Hier, trois jeunes juifs se sont fait agresser à proximité d’une école Juive de Villeurbanne. Dans les médias on indique prudemment ou pudiquement depuis hier que l’agression à coups de marteaux et de barres de fer a été commise par « une dizaine d’individus ». S’il s’était agit de skinheads, se serait-on contenté de les dénombrer et de les décrire comme des « individus » ? L’imprécision est un peu troublante.

Mettant fin au suspens, le Parisien précise aujourd’hui que les individus sont « Décrits comme “d’origine maghrébine” ». Avec des pincettes, mais c’est dit.

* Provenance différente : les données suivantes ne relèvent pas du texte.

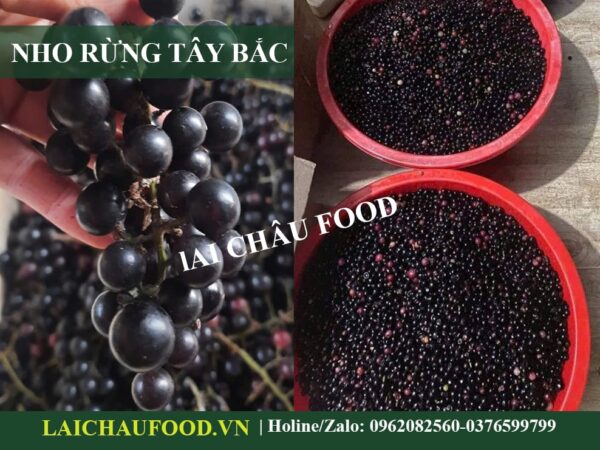 Nho Rừng Tây Bắc - Ngâm Rượu Tuyệt Ngon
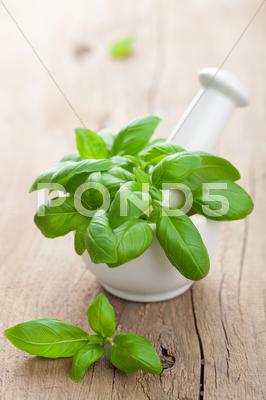 Stock photo of basil in mortar
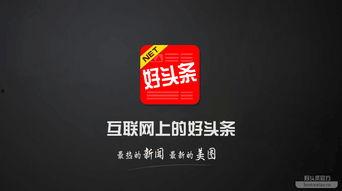 中国最好的网站头条,创新科技引领未来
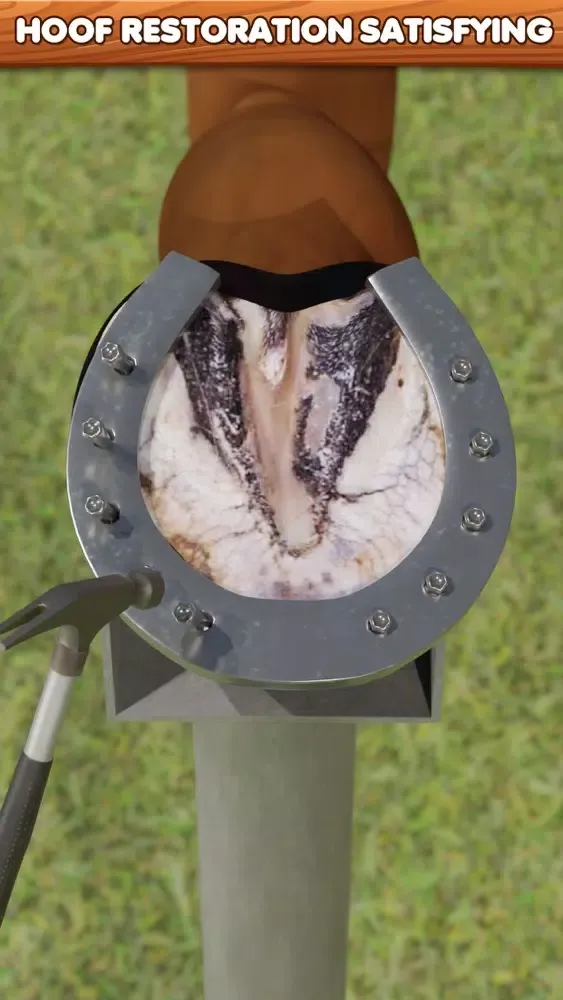 Screenshot di Horse Hoof Restoration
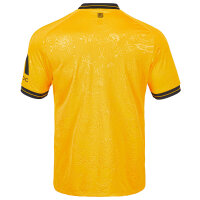 Dynamo Dresden Trikot Home
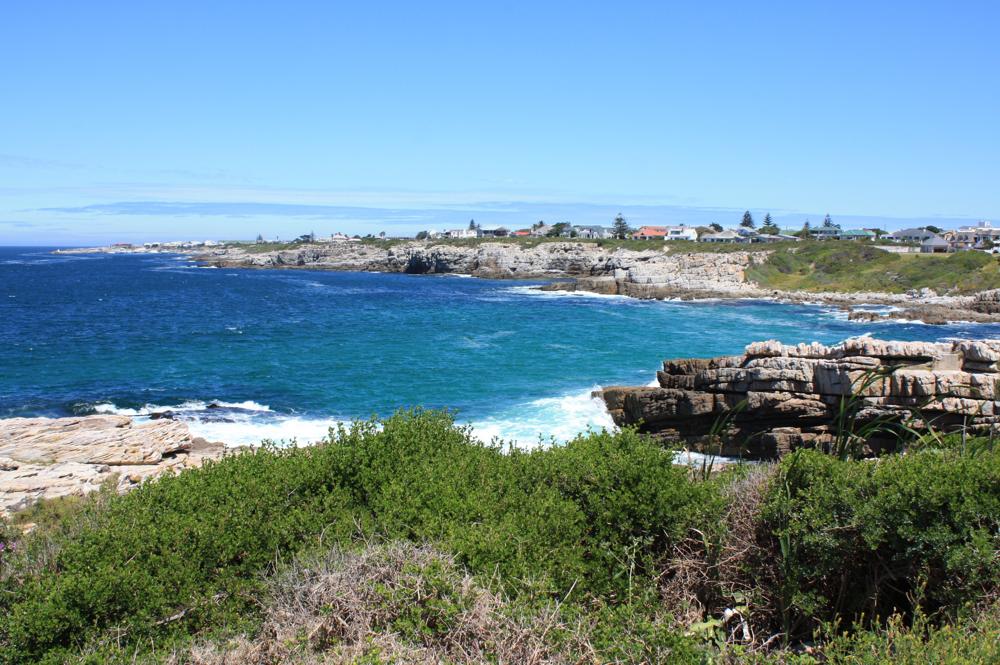 Hermanus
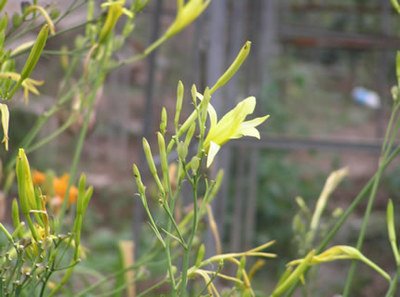 1638096952673017.jpg 1638096952673017.jpg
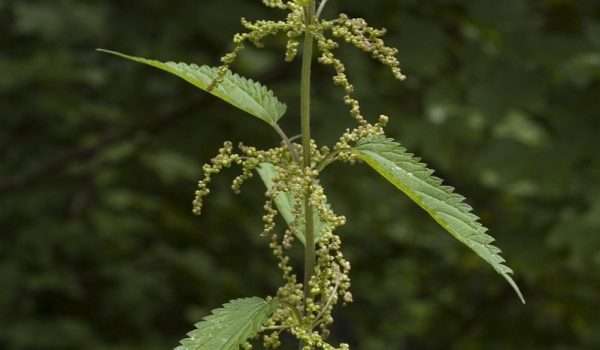 Nettle, Urtica dioica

La classe politique, gouvernement en tête, a condamné « un acte insupportable » pour Jean-Marc Ayrault, « odieux » pour Najat Valaud-Belkacem, ou encore d’une « extrême gravité » pour Manuel Valls qui qualifie cette agression d' »attaque délibérée contre notre modèle républicain ».

Modèle républicain ? Mais que ne l’avez-vous défendu plus tôt !

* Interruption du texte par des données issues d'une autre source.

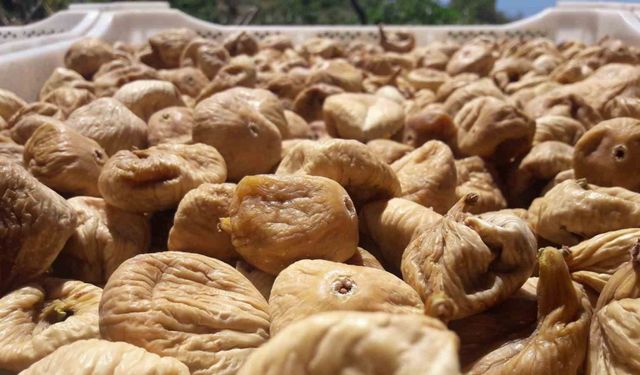 Kuru incir üretiminde aflatoksinle mücadele için üreticilere 19 bin kerevet dağıtıldı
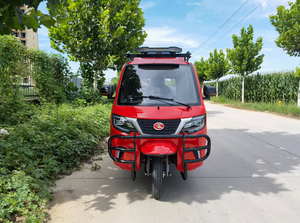 Tricycle passager à trois roues, moteur essence monocylindre 200cc refroidi par eau, très demandé - Product Image 6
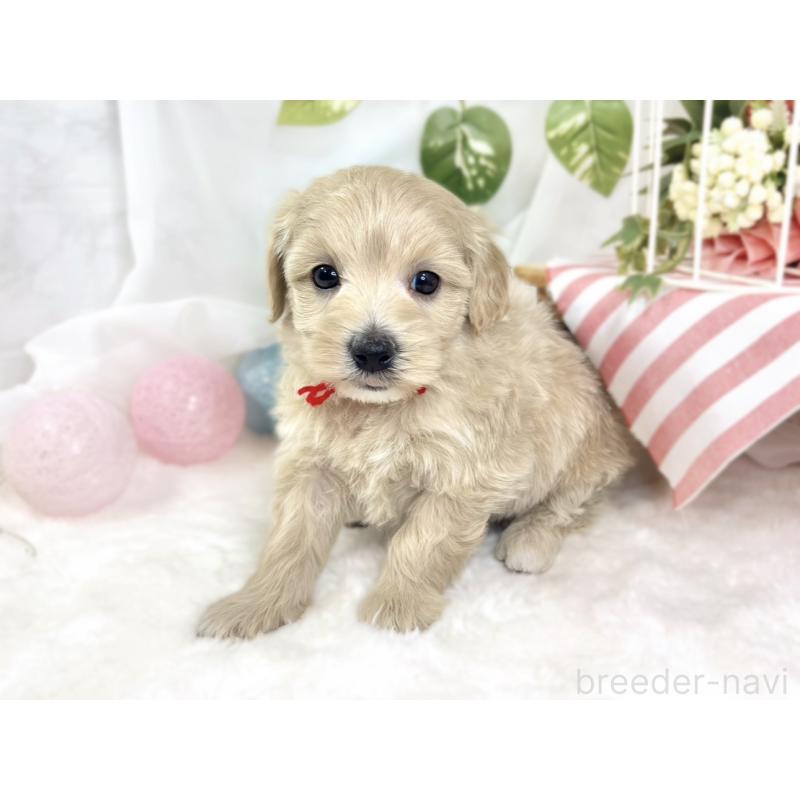 販売中の滋賀県のマルプー:マルチーズ×トイプードル-426399の2枚目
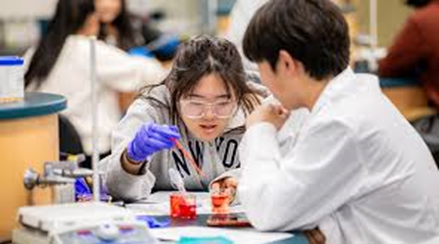 A Guide to High School Internships: Unlocking Opportunities for College and Career Success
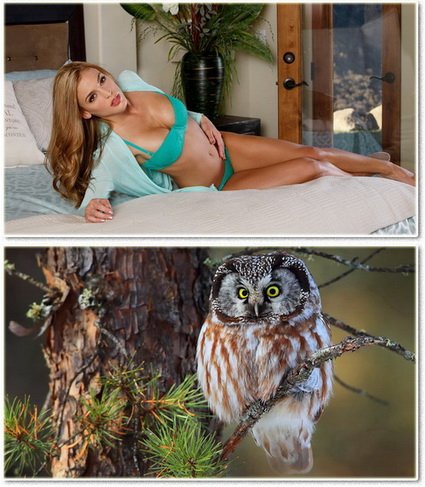 Beautiful widescreen wallpapers 12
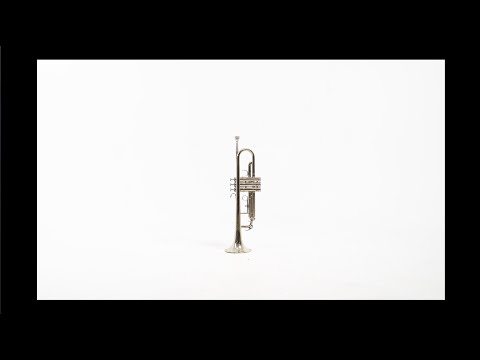 SHELY210 FT. VINNY - MHMM (Prodby 808antho)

Souvenons-nous plutôt. Au lendemain d’une soirée électorale qui n’est pas si lointaine, il ne pas s’est trouvé à gauche une seule voie, même pas un filet, pour dire que les drapeaux étrangers agités la veille Place de la Bastille, drapeaux qui n’ont rien en soi de honteux, n’étaient, peut-être, pas tout à fait à leur place à cet endroit là et à ce moment là. Pas un seul pour même s’interroger sur le sens de cette manifestation. En tous cas publiquement. Tout le contraire même, on allait tout de même pas gâcher la fête en allant se demander si ce n’était pas là un signe de rejet ou de refus d’appartenance au « peuple français ».

Où étaient-ils ce jour là les défenseurs du modèle républicain qui ne se réveillent qu’après la tuerie de Toulouse, l’agression de Villeurbanne, où d’autres événements tragiques ?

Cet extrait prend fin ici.